- _Action item_: Every record below should be repeated exactly. Omit the pictures.

- _Supplied data_:

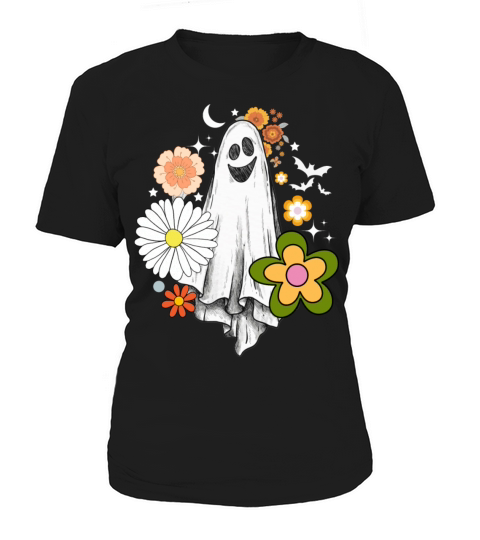 Vintage Floral Ghost Cute Halloween Costume Funny Women's T-Shirt
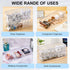 Tatuo 4 Pcs Cable Organizer Box with Wire Ties, Plastic Cord Storage Box with Lid for Home Office Desk Organizers and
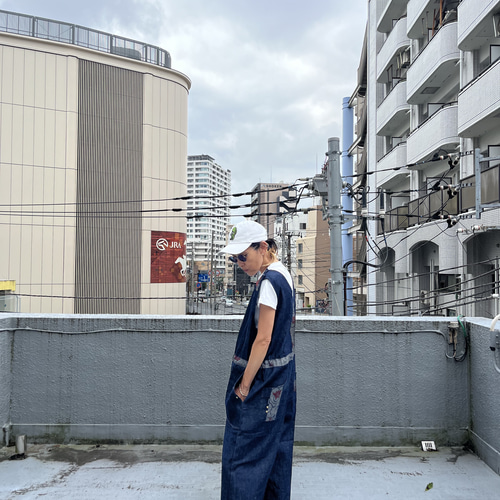 【オレンジ】デニムリメイク☆デニム×作業着サロペット j_b114_all.jpg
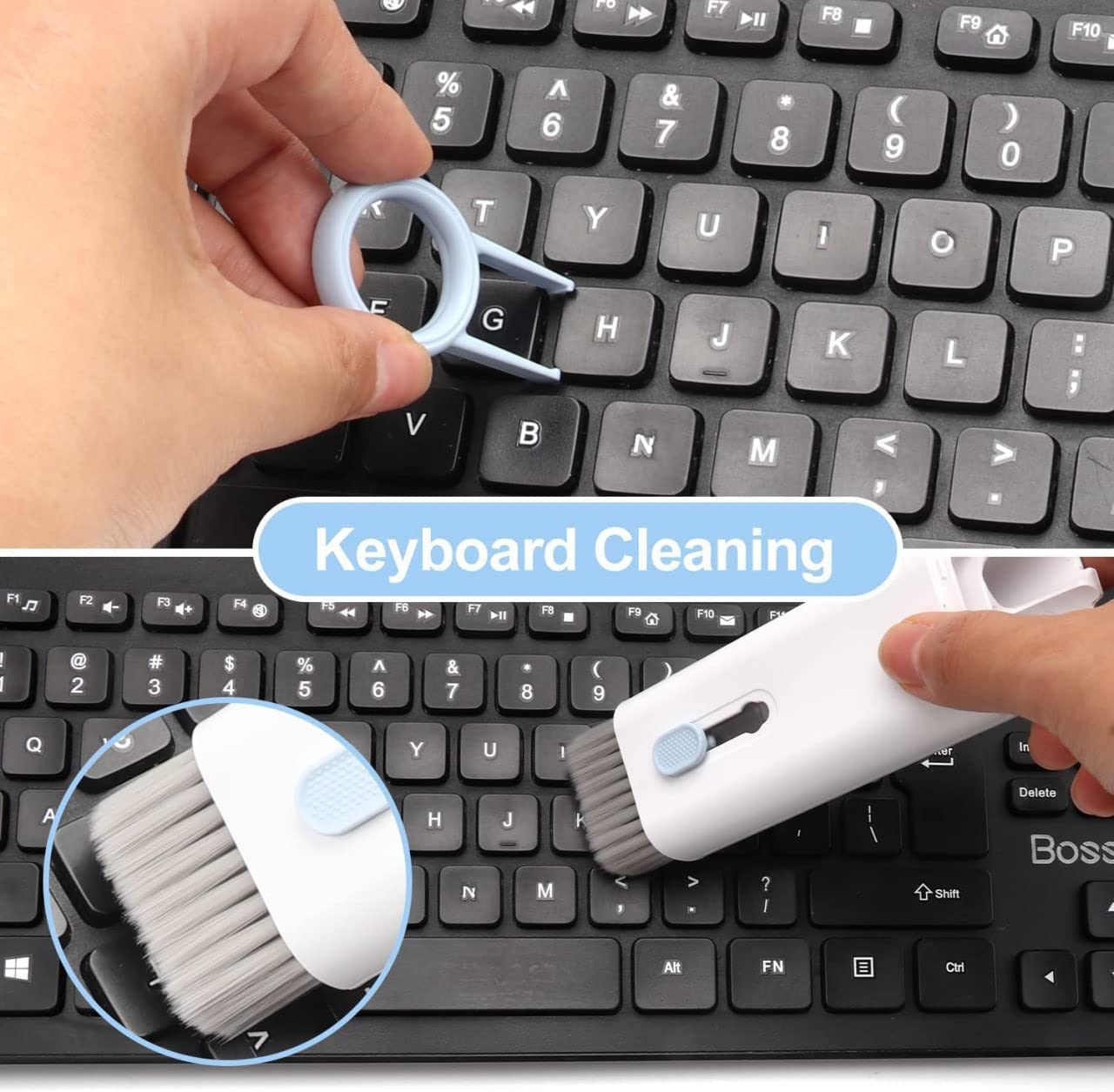 Close-up views of hands using the light blue keycap puller and the white and gray brush on a black keyboard.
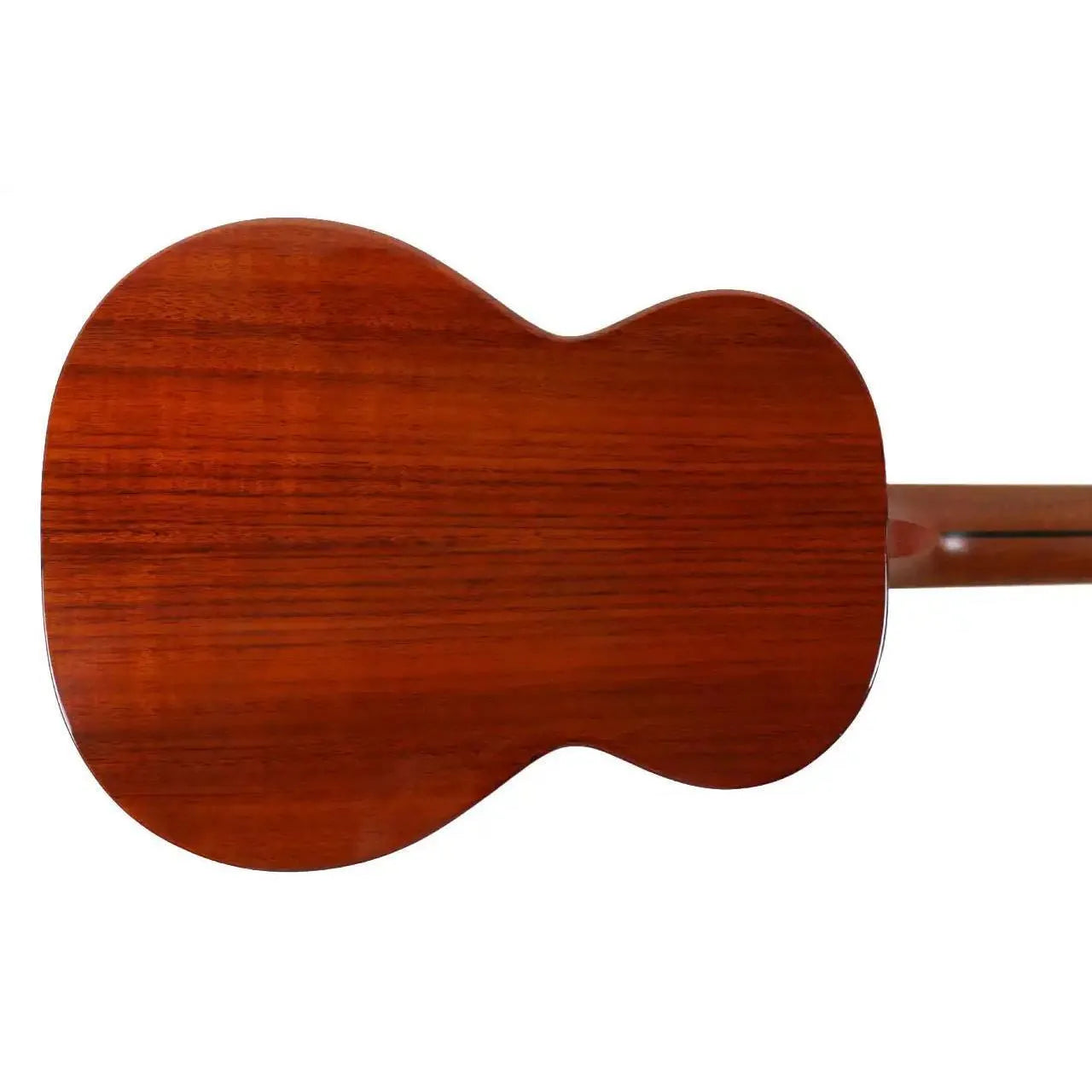 Back of a Flight Mustang EQ-A Tenor Ukulele, showcasing its warm brown solid acacia wood grain.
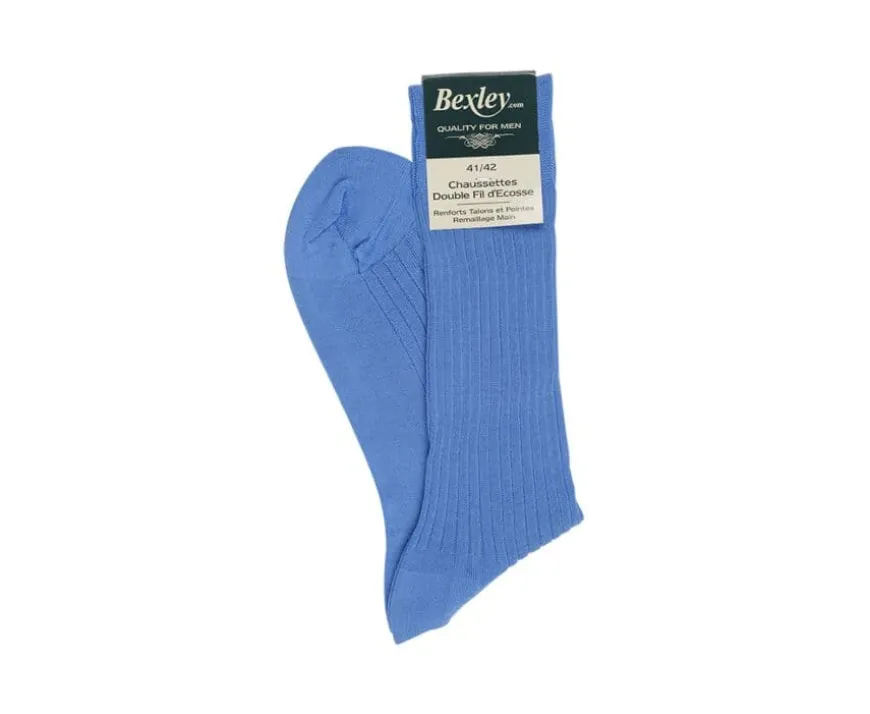 Calcetines en canale Hilo de Escocia para hombre Azul medio-Bexley Hot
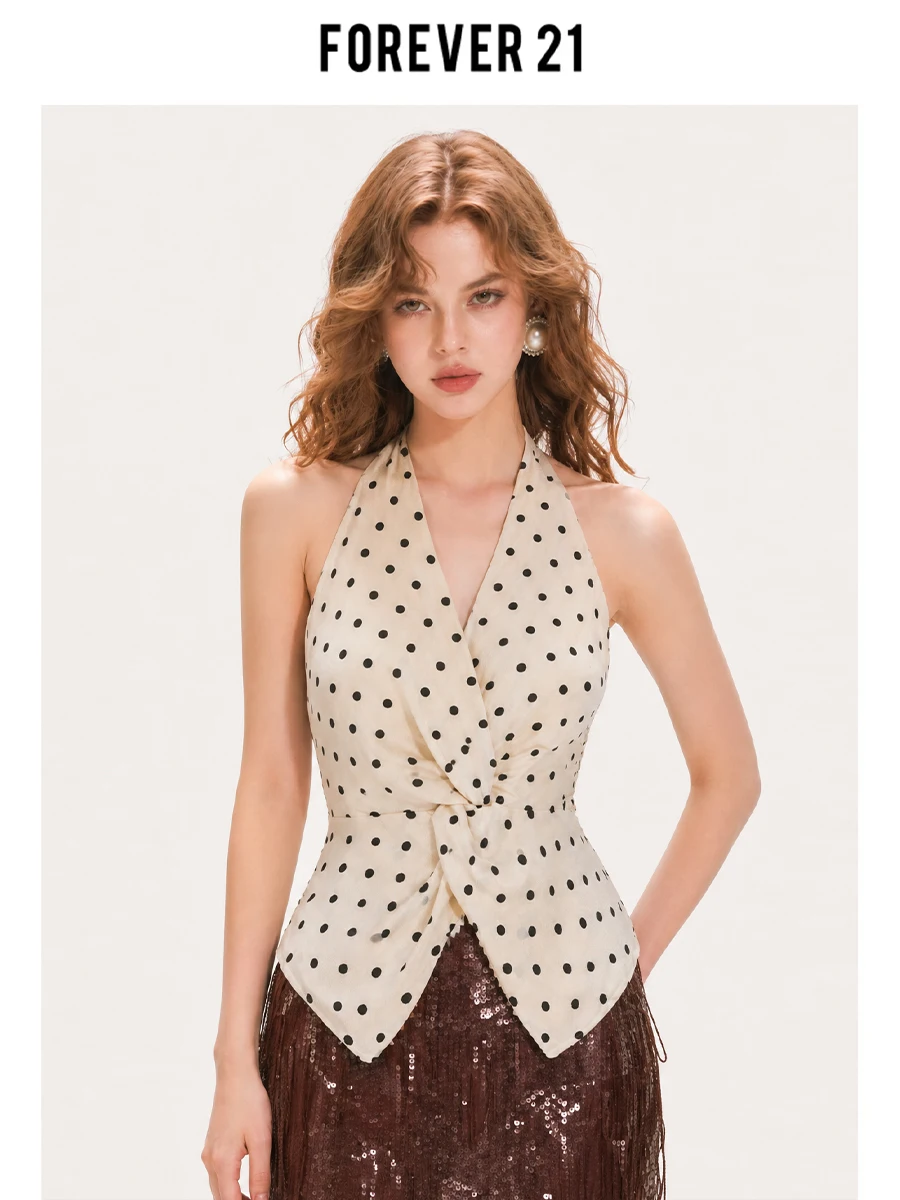 Chaleco Sexy con Cuello Halter y Escote en V de Puntos Melocotón de Forever 21, Ajuste Delgado, Estilo Dulce con Cintura Ajustada, Sin Mangas, Ropa de Mujer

- _Result of the exercise_:
 Vintage Floral Ghost Cute Halloween Costume Funny Women's T-Shirt
 Tatuo 4 Pcs Cable Organizer Box with Wire Ties, Plastic Cord Storage Box with Lid for Home Office Desk Organizers and
 【オレンジ】デニムリメイク☆デニム×作業着サロペット j_b114_all.jpg
 Close-up views of hands using the light blue keycap puller and the white and gray brush on a black keyboard.
 Back of a Flight Mustang EQ-A Tenor Ukulele, showcasing its warm brown solid acacia wood grain.
 Calcetines en canale Hilo de Escocia para hombre Azul medio-Bexley Hot
 Chaleco Sexy con Cuello Halter y Escote en V de Puntos Melocotón de Forever 21, Ajuste Delgado, Estilo Dulce con Cintura Ajustada, Sin Mangas, Ropa de Mujer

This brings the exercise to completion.